Tickets are $15 daily for adults and $5 for students and children. All-session passes are also available for $35 and $15. For more information contact the Spartan Ticket Office at 408-924-7589.
For Krueger, Oland and Hall, it's the last go around. The seniors take a career record of 102-12 into Friday's opener. They've finished third at the NCAA tournament twice and reached the national championship game last year, losing to USC, 10-9. The only thing missing is a national title.
"That was hard on all of us to lose that game," Oland said. "It was a disappointing end but we didn't want to lose sight of what we accomplished. We did focus on getting back to that point."
The Cardinal seems built for the future, although the 2012 Olympics may disrupt Stanford's continuity.
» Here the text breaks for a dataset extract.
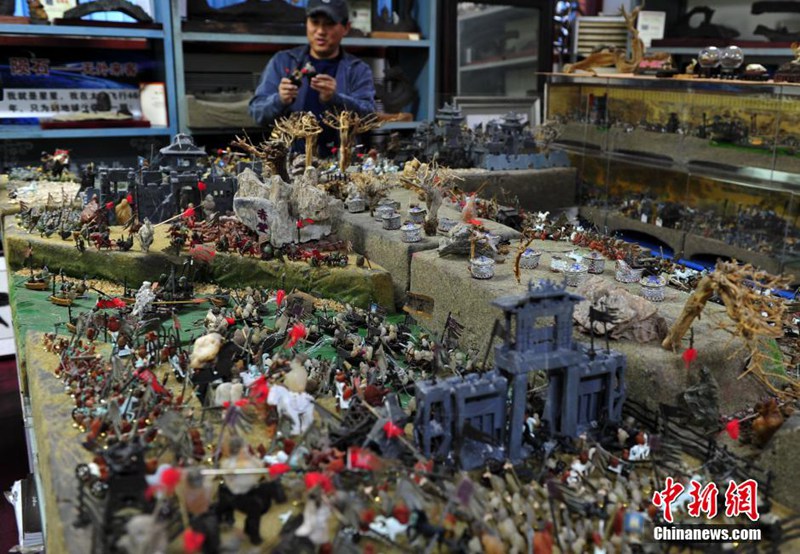 Historische Schlachten aus Stein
Junior Melissa Seidemann and sophomore Annika Dries played for the U.S. National Team last year and likely will be invited to return once the college season is over. Former UCLA coach Adam Krikorian heads the national women's program, and he is familiar with all the Pac-10 teams.
If that's the case, then the future is now.
"This has been a special year," Krueger said. "It goes by so fast I can't believe it's the last time for everything. I find myself savoring everything. Winning a championship would be the cherry on top of a fantastic four years and even without that championship you realize you are doing something special."
Oland and Krueger were both thrown into the mix as freshmen, and both responded. They were both named to the MPSF All-Freshman Team and Oland earned MPSF Newcomer of the Year honors. Kruger led all freshmen with 19 goals.
"I was definitely nervous getting thrown into everything my freshman year," Oland said. "I felt prepared from high school and playing with the national team but it was totally different than I expected."
Oland, also an All-American pick, and Hall were the only goalkeepers on a team that finished third in the nation.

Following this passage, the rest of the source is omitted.